Learning PostgreSQL with NASA’s Cassini Data: A Curious Moon
I recently worked through A Curious Moon by Rob Conery, a PostgreSQL tutorial with a twist: instead of contrived examples, you analyse real data from NASA’s Cassini spacecraft mission to Saturn’s moon Enceladus. Here are the features and concepts that stood out.
The Setup
Enceladus is one of the most scientifically interesting moons in our solar system – water geysers erupt from its south pole, hinting at a subsurface ocean. The Cassini spacecraft flew past it 23 times between 2005 and 2015, collecting gigabytes of instrument data. That data is publicly available from NASA’s Planetary Data System, and this book has you import and analyse it with PostgreSQL.
The datasets include:
- Master Plan – the full Cassini mission timeline of events and observations
- INMS – Ion and Neutral Mass Spectrometer readings (1.3GB, 3.3 million rows)
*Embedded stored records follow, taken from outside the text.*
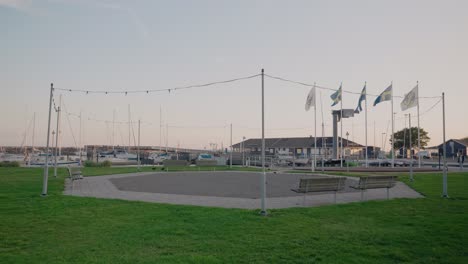 Round-Gravel-Meeting-Spot-at-Ystad-Marinan-at-Late-Summer-Evening,-South-Sweden-Skåne,-Wide-Shot-Tracking-Forward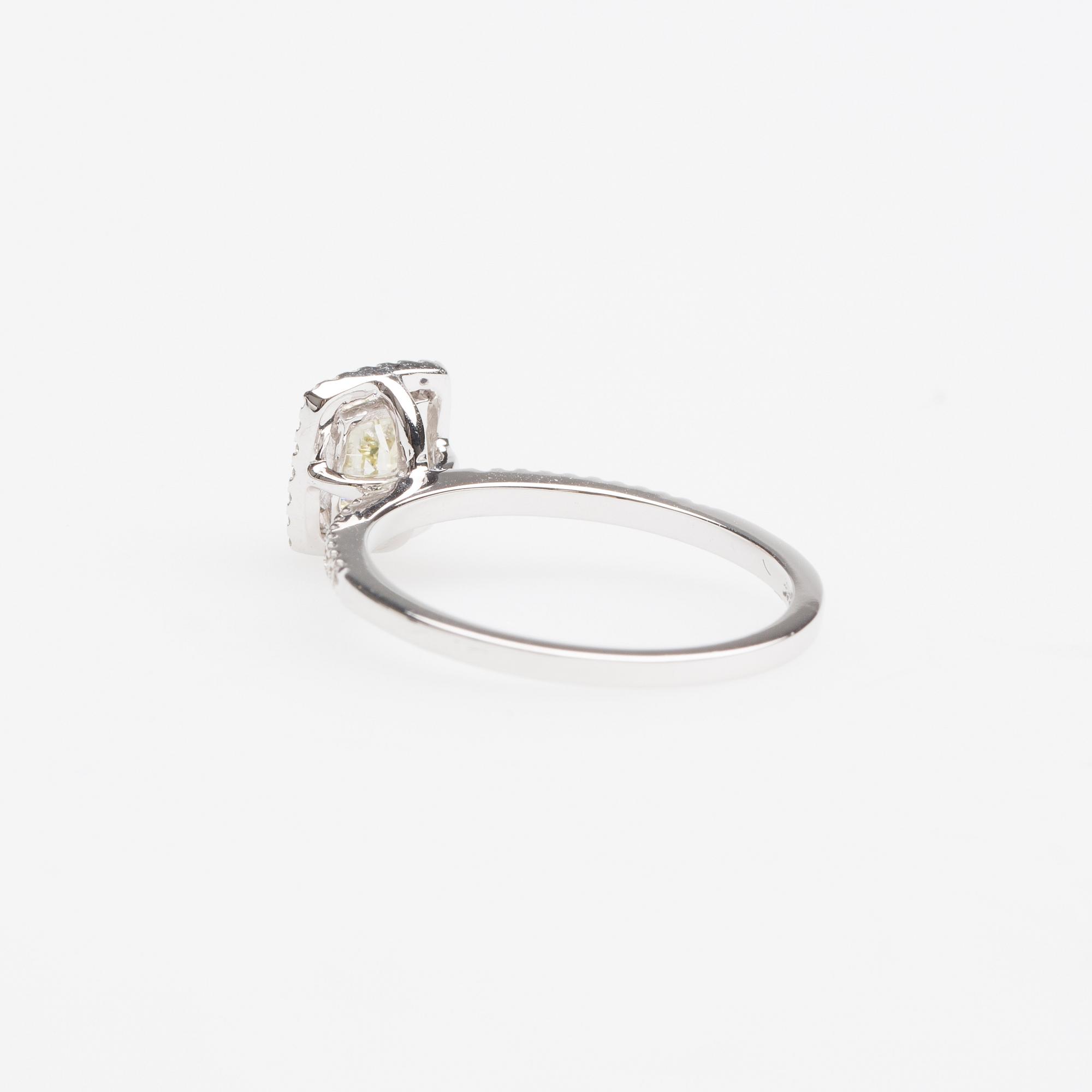RING, 14K vitguld med fasettslipad gul diamant ca 0.70 ct.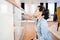 Housekeeping works - portrait of woman cleaning around the house. Woman using detergent and cloth for glass window cleaning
- CDA – Cosmic Dust Analyzer impact events (57,000 dust particle detections)
What Makes It Interesting
Real Data, Real Problems
Scientific data is messy. Columns use sentinel values like -99.99 for missing readings. Some rows are truncated. Headers repeat mid-file. The book doesn’t shy away from this – you learn to handle it because you have to.
Full Text Search for Science
One of the more satisfying chapters uses PostgreSQL’s built-in full text search (tsvector, tsquery) to search through Cassini’s mission plan descriptions. Instead of chaining LIKE and ILIKE queries, you build a proper search index and query it:
select * from events
where to_tsvector(description) @@ to_tsquery('enceladus & plume');
Window Functions with Purpose
Window functions can feel abstract in a textbook. Here, they answer real questions – calculating running counts of dust impacts, partitioning flyby data by time windows, and computing altitude changes during closest approach. The context makes the syntax stick.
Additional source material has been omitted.